Sunday, September 14, 2014

Time Under Pressure: Can Dog Training Become the Next Modernist Movement?

During one of my appointments I was talking to my client about timing how long her dog was pulling on the leash. We would then compare the amount of time the dog was pulling to the amount of time our appointment took.

To teach loose leash properly, I think you need to treat when the dog makes the choice to make the leash loose i.e. stepping into a non-tense position. The dog should also be treated for not pulling i.e. every time the leash is loose. There is a fine distinction between the two and it revolves mostly around how much credit you give your dog to solve problems.

Taking the idea of timing how long her dog had a tight leash, we can see what percentage of the time her dog was unsuccessful. Ideally, in the perfect world, that percent error would be 0%. I haven’t tried that technique yet, but I imagine we’d end up with about 25% of our time the dog would not be performing successfully.

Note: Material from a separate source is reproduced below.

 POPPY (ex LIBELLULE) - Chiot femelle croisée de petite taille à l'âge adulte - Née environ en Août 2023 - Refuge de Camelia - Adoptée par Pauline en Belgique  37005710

The percent error is something I’m going to refer to as “Time Under Pressure”(TUP). The most basic definition I can come up with is that it is the time under which the dog is not successfully performing and the handler is not causing successful performance. Let’s expand this definition a little bit.

On the human side I’ve said “the handler is not causing successful performance.” On the most basic level, this means that the handler is failing to train the dog how it the handler wants to train it. This doesn’t apply strictly to loose leash because not every dog needs to be leash trained or leash trained the same way. Think sled dogs or scent dogs, their leash work is way different than a house pet or a guide dog.

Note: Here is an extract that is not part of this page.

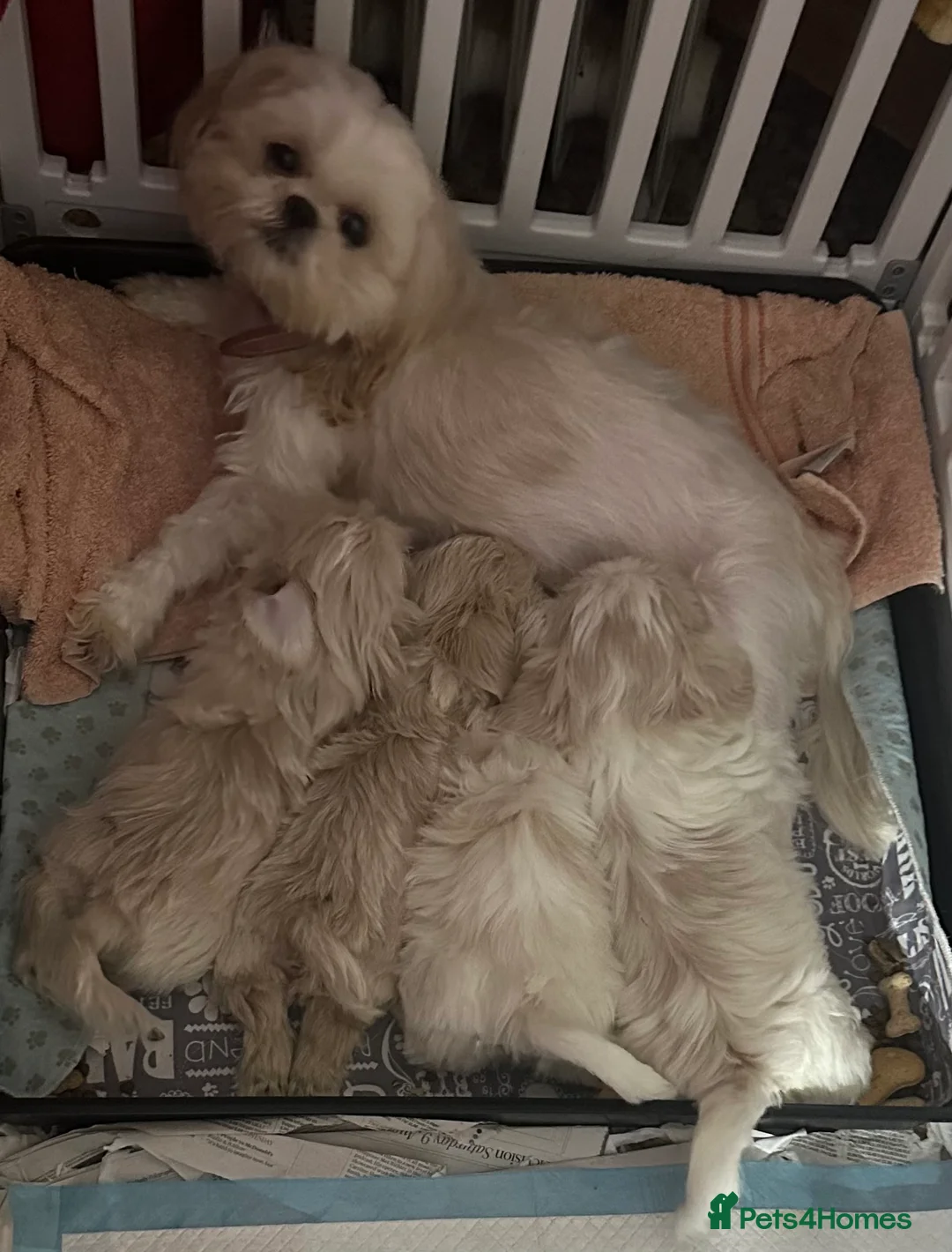 Shih Tzu dogs for sale: White Lavender Shih Tzu Puppies in Henley-on-Thames - Advert 2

For the human to eliminate the human side of time under pressure, the handler (human) needs to be educated on what techniques they want to use and how to use them. When TUP is caused by a human error, it almost counts as doubly unproductive because the human is not performing successfully and that will  absolutely cause the dog not to perform as well.

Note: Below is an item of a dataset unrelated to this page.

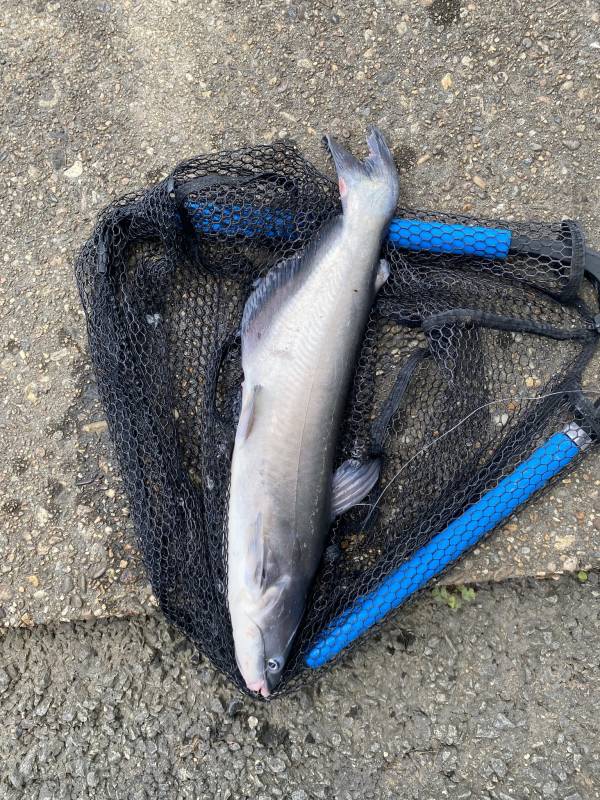 Blue catfish in Silver Spring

From there, emotions begin to run high and patience runs thin and nothing gets done. I’m going to begin to compile statistics during my training sessions, but I feel as though for human TUP, it most likely won’t be able to exceed 15% for brand new handlers and 5% for experienced handlers. I think those percentages would be the threshold under which a successful human experience would happen.

A dog’s perspective on TUP would be that of confusion and frustration. “What is being asked of me?” is probably what they would ask. If a dog is not being directed properly, then very little learning could possibly occur. We know this already from the previous explanation of human TUP. This begs the question, what happens if the dog is not learning and the human is instructing as effectively as possible?

The percent TUP for a dog will be much greater than it will for the human. It will be greater because the dog has much more to learn and much more to adapt to than the human does. Makes greater than one leap in logic to reach a conclusion is not really possible to teach in a dog. What we have to do is teach the pieces of a behavior before combining them. We can teach human’s this way, but it is also possible for humans to understand conceptual and abstract ideas to learn. We cannot put this style of learning on our dogs.

For TUP to count for a dog, the dog must be unsuccessful in training. This idea of unsuccessful is much more strict in the mind of a person than the mind of a dog. How many of you, when you tell your dog to sit, your dog will sit not at your side, but will sit facing you? You’ve asked your dog to sit and he has sat. That is successful. We cannot count that as TUP. Now imagine if we’re trying to teach your dog to sit by your side. Then every time your dog sides facing you, that would count as TUP.

Notice again, we are making fine distinctions between two ideas. Specificity is what makes the dog successful and able to learn. In order for the dog to know what to do, you have to know exactly what you’re asking the dog to do.

Conceptually, I don’t think this idea does much more than put words to what dog trainers already know. What I’m most interested in with TUP is discovering a more exact relationship between how our failures relate to our dog’s failures. Now this might sound like an overwhelming negative concept, but it only sounds negative if we consider our failures and shortcomings a bad thing.

In my previous blog about Willy the Pit Mix, I received a lot of feedback regarding breaking down dog training into percentages. A 1 second increase in a 4 second stay is a 25% increase in success. My clients who are just getting their first dogs or aren’t super comfortable around dogs really enjoyed that we could call a seemingly small improvement a huge success.

So that is the point of TUP. I am trying to figure out more ways to quantify how well a dog’s training is going. In modern dog training we try framing everything as positive and only put the dog in situations in which he will be successful. It only makes sense to further modernize dog training and use statistics, instead of just relying on intuition and feel.

To take a step back from dog training for a moment, it seems as though, since about 2010ish, there have been modernist movements in even more fields that used to be stuck in classical and archaic ways and techniques. Cooking for example, has seen chefs pushing a person’s relationship to their food. Writing has also seen changes in the way the human experience is described.

The question I’m forced to ask myself now is, how can dog training reflect on what it means to be a person? We seem to be on our way with everyone trying many different things, but what seems to be missing is reflection and introspection on how the dogs affect our humanity.